Немецкий языковед Макс Фасмер (1886–1962) в своем знаменитом словаре сделал предположение, что народное имя Микула происходит от имени Михаил, не приводя, к сожалению, какой-либо аргументации культурно-исторического характера
[207]. Косвенным подтверждением этого мнения может служить древняя болгарская форма Микул, которая приводится в словарях в качестве формы имени Михаил. Существуют и другие варианты, например, объясняют контаминацию Микула с именем Михаил через посредничество немецкого слова Michel, что также правдоподобно.
На основании вышеизложенного, Б.А. Успенский сделал очень важное предположение, не лишенное, на наш взгляд, оснований, о том, что указанная форма отражает контаминацию (от латинского – соприкосновение, смешение) св. Николая и архангела Михаила, которая могла произойти, скорее всего, на западе славянской территории еще в докирилло-мефодиевскую эпоху, иными словами, культ Николы на Руси в какой-то мере отражает культ св. Михаила, который был принесен в Моравию и Паннонию кельтскими миссионерами. Причем это согласуется с другим выводом ученых – о существовании западнославянско-русских культурных связей, которые обусловили, возможно, проникновение христианства на русскую территорию значительно раньше владимирского периода
[208]. Свидетельством служит церковь святителя Николая на могиле князя Аскольда, построенная еще в 882 году, о чем не забыл сообщить преподобный Нестор в «Повести временных лет»
[209]. Существует предание, что киевские князья Аскольд и Дир первоначально были язычниками, но после того как потерпели поражение в Византии, приняли крещение; Аскольд был назван Николаем
[210]. В этом факте может быть усмотрено первое свидетельство о культе Николы на Руси.
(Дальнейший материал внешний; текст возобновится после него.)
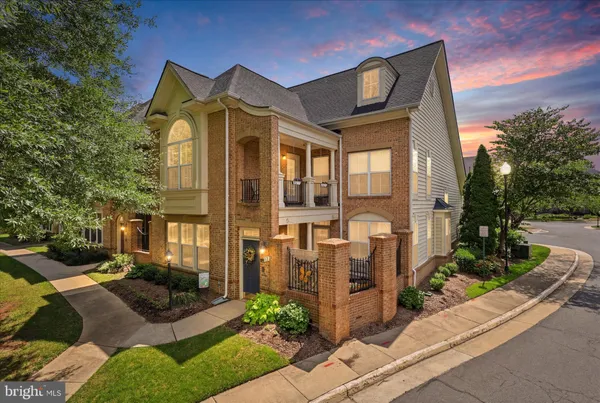 $565,000 | 9970 Wellington Road, Manassas, VA 20110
Кроме указанной контаминации, связанной с фонетическим сходством имен св. Николая и св. Михаила, существуют другие формы отождествления святых, объяснимые с позиции особенностей их культа.
Композиция моления «Деисус» в средневековом искусстве включает изображения Христа (посредине) и обращенных к нему в молитвенных позах Богоматери и Иоанна Крестителя. Как удалось выяснить исследователям, в более ранних деисусных изображениях св. Николай занимает место Иоанна. Никола и Богоматерь выступают здесь как основные посредники между Богом и человеком. Представление о Николе, как заступнике перед Богом, точно соответствует представлениям об архангеле Михаиле. В кельтской традиции его авторитет не уступает авторитету Богоматери. Так в Ирландии еще в VIII веке, что соответствует времени христианской миссии у славян, широко была распространена молитва, когда обращение к Михаилу обязательно сочеталось с обращениями к деве Марии, причем архангел мог стоять на первом месте: «Святой Михаил, молись за нас, Святая Мария, молись за нас». Более того, на деисусных иконах XII века, например, в Успенском соборе Московского кремля, перед Спасителем предстоят не Богоматерь и Предтеча, а архангелы Михаил и Гавриил. Известен другой тип моления, где изображаются Спаситель, Богородица и архангел, т. е. вместо Николы или Иоанна, предстоящих перед Спасителем, может фигурировать св. Михаил. Вышеизложенное позволило сделать ученым вывод о тождественности святых Николая Чудотворца и Михаила-архангела.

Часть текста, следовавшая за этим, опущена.